What is expected
Copy all lines holding the word "Night" from the entries.

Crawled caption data
##############################

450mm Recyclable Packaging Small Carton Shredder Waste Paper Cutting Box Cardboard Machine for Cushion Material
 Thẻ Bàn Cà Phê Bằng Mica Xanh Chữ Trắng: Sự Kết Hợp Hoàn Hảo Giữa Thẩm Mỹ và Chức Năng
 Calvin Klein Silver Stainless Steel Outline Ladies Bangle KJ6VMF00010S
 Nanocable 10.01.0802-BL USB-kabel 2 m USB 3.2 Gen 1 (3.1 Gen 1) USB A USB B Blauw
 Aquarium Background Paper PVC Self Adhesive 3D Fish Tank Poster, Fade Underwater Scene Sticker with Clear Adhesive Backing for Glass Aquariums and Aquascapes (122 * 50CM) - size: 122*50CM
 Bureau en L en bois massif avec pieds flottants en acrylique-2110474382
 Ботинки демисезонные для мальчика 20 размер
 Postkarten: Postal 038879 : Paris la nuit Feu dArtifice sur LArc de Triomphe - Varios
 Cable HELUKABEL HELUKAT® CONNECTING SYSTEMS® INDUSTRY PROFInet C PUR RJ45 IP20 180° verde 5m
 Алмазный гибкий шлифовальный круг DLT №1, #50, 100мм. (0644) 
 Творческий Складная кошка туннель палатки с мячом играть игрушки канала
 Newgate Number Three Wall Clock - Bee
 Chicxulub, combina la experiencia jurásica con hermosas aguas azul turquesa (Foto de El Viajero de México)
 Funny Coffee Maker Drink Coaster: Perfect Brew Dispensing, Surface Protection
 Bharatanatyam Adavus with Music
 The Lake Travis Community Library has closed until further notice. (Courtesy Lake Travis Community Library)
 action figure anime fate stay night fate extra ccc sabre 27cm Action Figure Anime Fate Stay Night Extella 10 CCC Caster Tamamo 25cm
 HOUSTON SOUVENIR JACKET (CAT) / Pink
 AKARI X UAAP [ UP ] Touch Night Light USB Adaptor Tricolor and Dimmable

##############################

Reply
 action figure anime fate stay night fate extra ccc sabre 27cm Action Figure Anime Fate Stay Night Extella 10 CCC Caster Tamamo 25cm
 AKARI X UAAP [ UP ] Touch Night Light USB Adaptor Tricolor and Dimmable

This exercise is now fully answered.